The current crisis of Iran blocking the Strait of Hormuz[5] for the US, Israel and connected entities, together with the destruction of energy sources, has far-reaching global implications. It has caused sharp price spikes, supply chain bottlenecks, and inflationary pressure around the world. For India, the impact is especially serious because of its heavy reliance on oil imports from the Gulf. Such shocks strain strategic petroleum reserves, raise fiscal pressure, and make it urgent to diversify supply routes. Beyond the economic fallout, they also require greater naval deployments for escort missions and stronger maritime surveillance, pulling India more deeply into crisis management in the western Indian Ocean. A similar effect can be expected whenever the Houthis block Bab el-Mandeb, as they did in 2025.

Map illustrating major sea routes and choke points in the Indian Ocean, including the Suez Canal, Bab-el-Mandeb, Strait of Malacca, and key coastal states linked to the Indian Ocean.

A disruption in Hormuz could just as easily occur at another vital chokepoint, such as the Strait of Malacca. This would not only deepen China’s long-standing “Malacca dilemma” but also underline the strategic importance of Southeast Asian straits for all major powers. Alternative routes like Lombok and Sunda may become more important in such a scenario, but their limited capacity also reveals how fragile these backup options really are.

In a Hormuz-linked crisis, the Strait of Malacca[6] becomes even more significant for India. That means India would need to adopt a more proactive maritime posture through stronger domain awareness, regular presence operations, and closer coordination with regional partners. More broadly, the crisis shows why India must treat its western and eastern maritime theatres as connected rather than separate, so that trouble in one chokepoint does not create weakness in another. Energy chokepoints are no longer isolated geographic bottlenecks; they are linked strategic pressure points that demand advance planning and coordinated maritime strategy.

A positive lesson which emerges out of the Strait of Hormuz crisis is that the way Iran has used maritime geography as a force multiplier in retaliating to the aggression of a powerful adversary, the United States, India can also leverage the Malacca Strait to its strategic advantage, if faced with a similar adverse combat situation.

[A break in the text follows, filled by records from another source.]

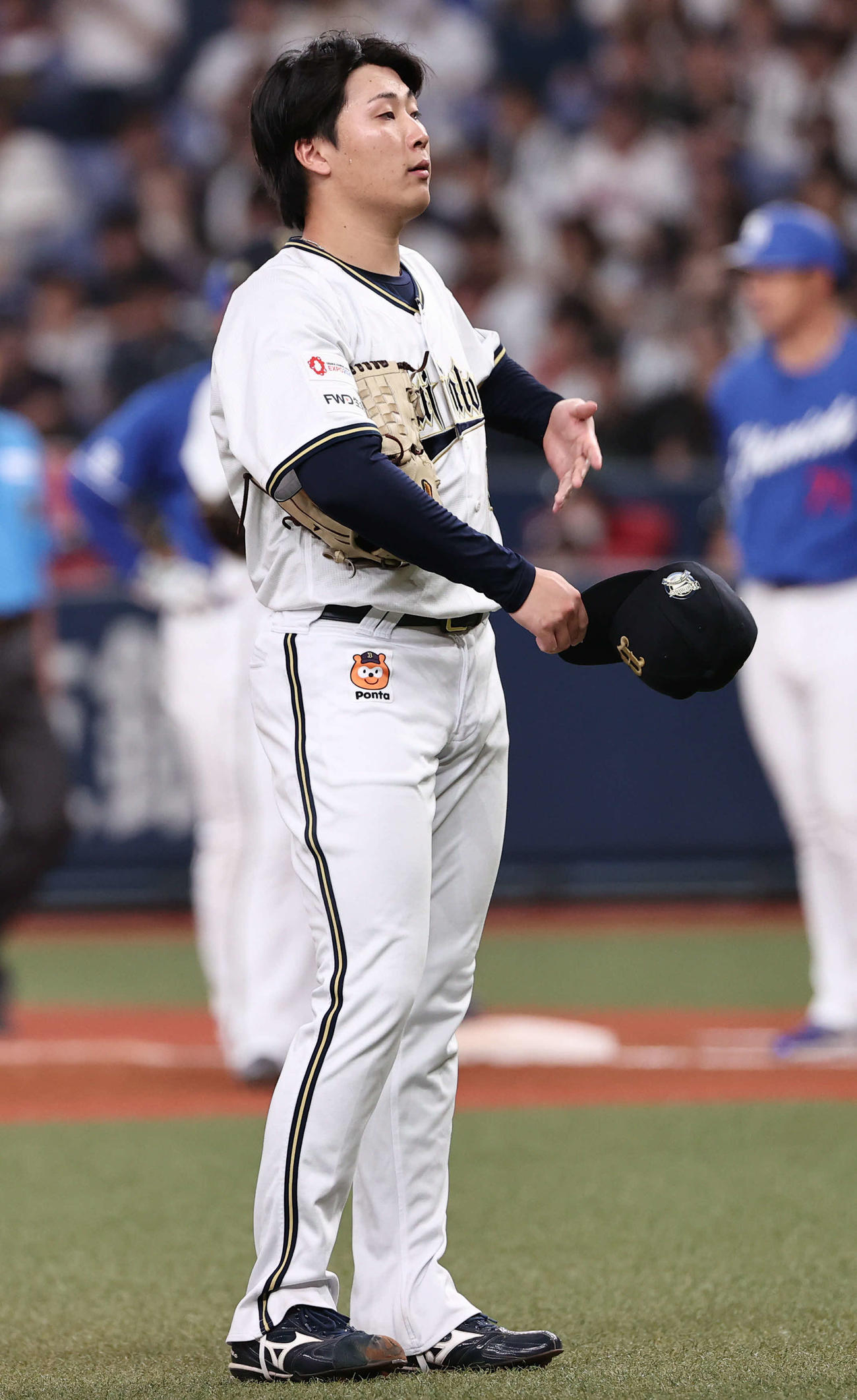 オリックス対中日　4回表中日1死一塁、細川の頭部付近に死球を与え、帽子を取る東（撮影・西尾就之）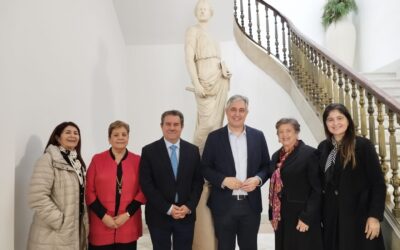 Pérez Pastor recibe a una delegación de la Comisión Permanente de la Asociación de Academias de la Lengua Española (ASALE)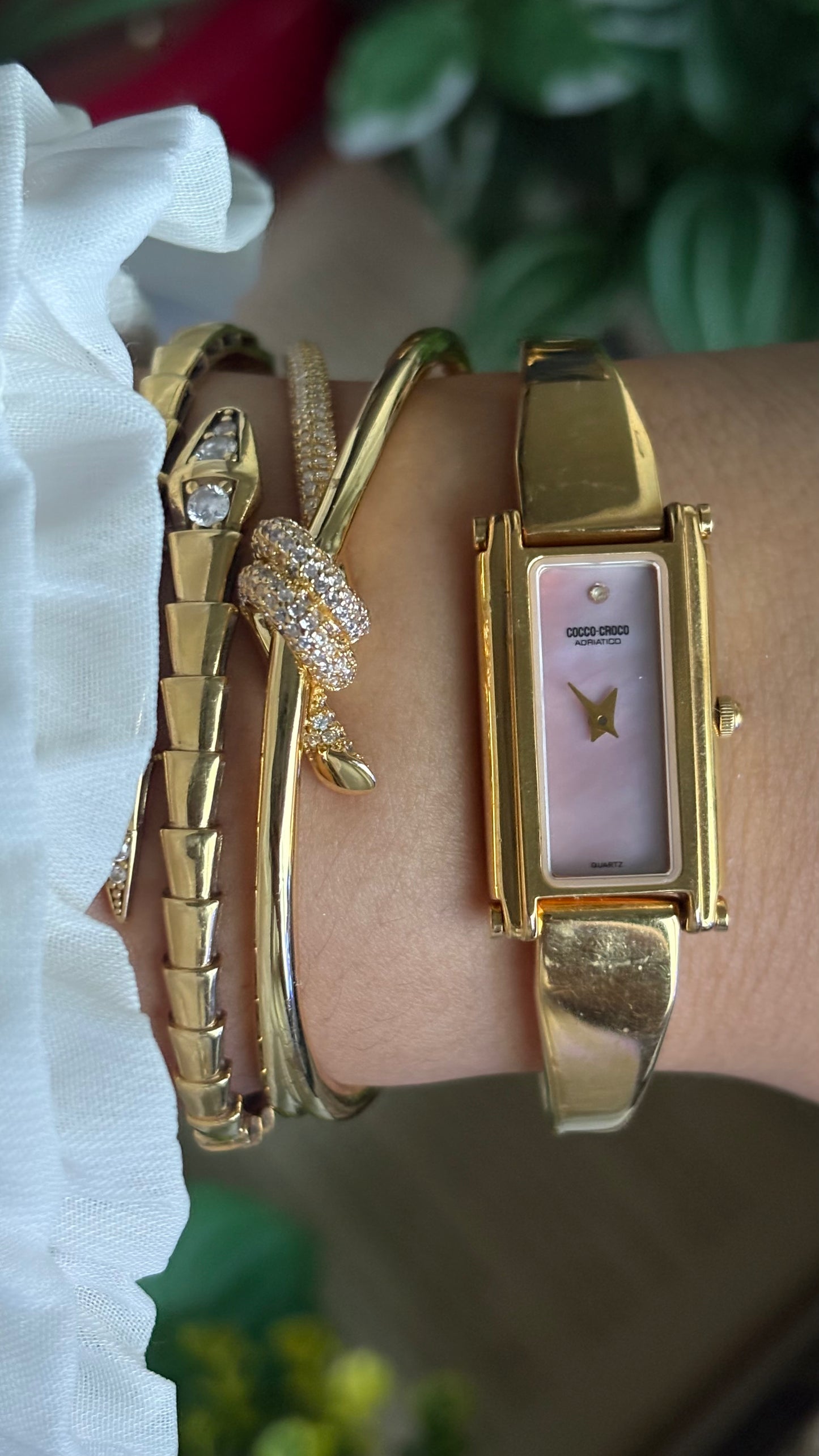 Vintage Cocco - Croco Watch in Gold Tone Gucci Style Bangle Pink Pearl Dial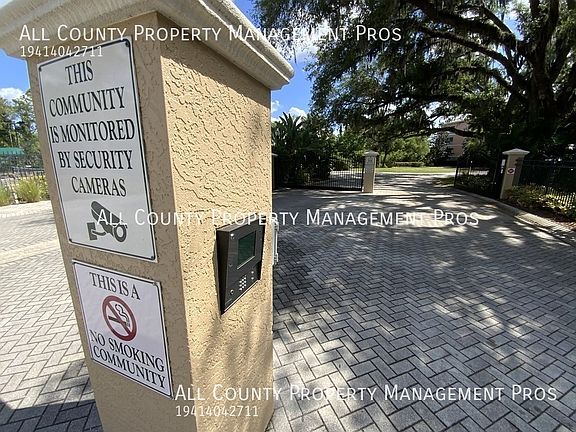 5th image of 5207 Manorwood Dr #2D
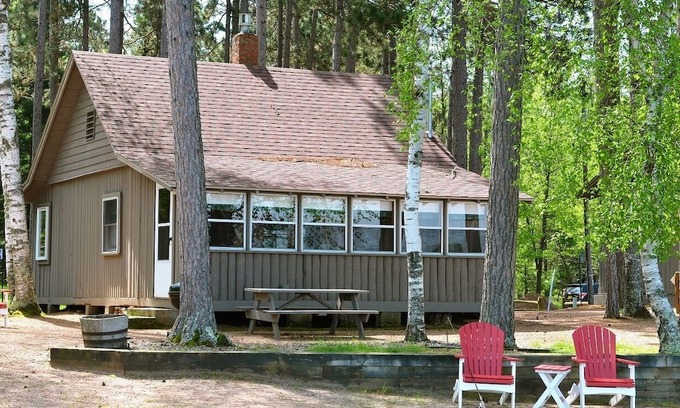 St Germain Cabin | sunset views in Lovely lakefront cabin with AC in charming Saint Germain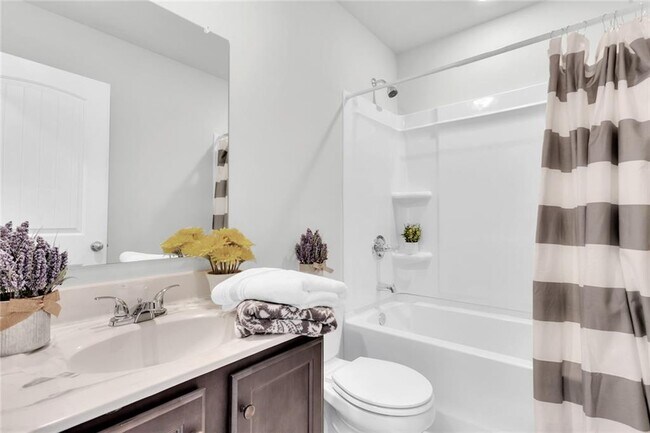 Building Photo - 208 Turner Ln
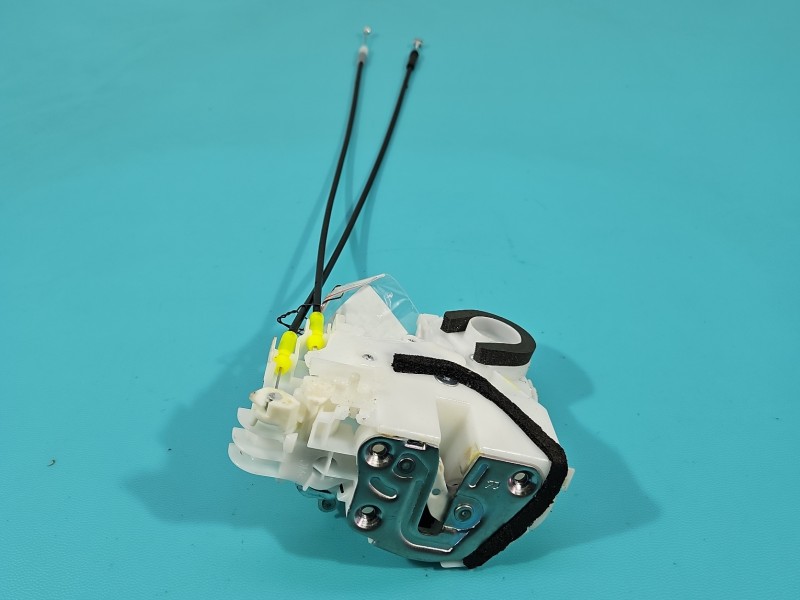 Zamek tył prawy 82301-54P02 Suzuki Vitara II 2015- Suzuki, 2pin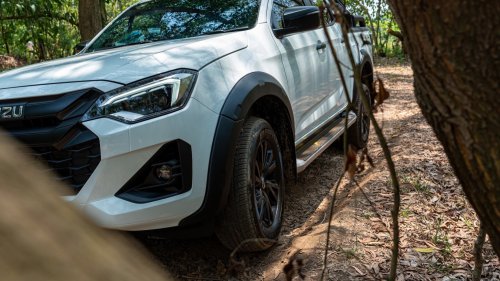 Isuzu’s 2026 D-Max Loses Every Spec Battle Against The Hilux And Ranger, And Buyers Don’t Care | Review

5. Relevance of Multilateral Cooperation to Address Threats in IOR

Given the escalating maritime risks, multilateral cooperation in the IOR has grown in recent years. These procedures offer forums for collaboration and show a shared commitment to a rules-based order. Additionally, they facilitate the development of smaller states’ capacities, which strengthens regional resilience. The following paragraphs discuss a few of these organisations and activities.

QUAD (Quadrilateral Security Dialogue)

The Quadrilateral Security Dialogue, comprising India, the US, Japan, and Australia, is a strategic coalition focused on a free, open, and rules-based Indo-Pacific. It has expanded into maritime security, technology, and supply chain resilience. It’s a non- military coalition addressing non-kinetic challenges. Except for India, the other three members are defence partners.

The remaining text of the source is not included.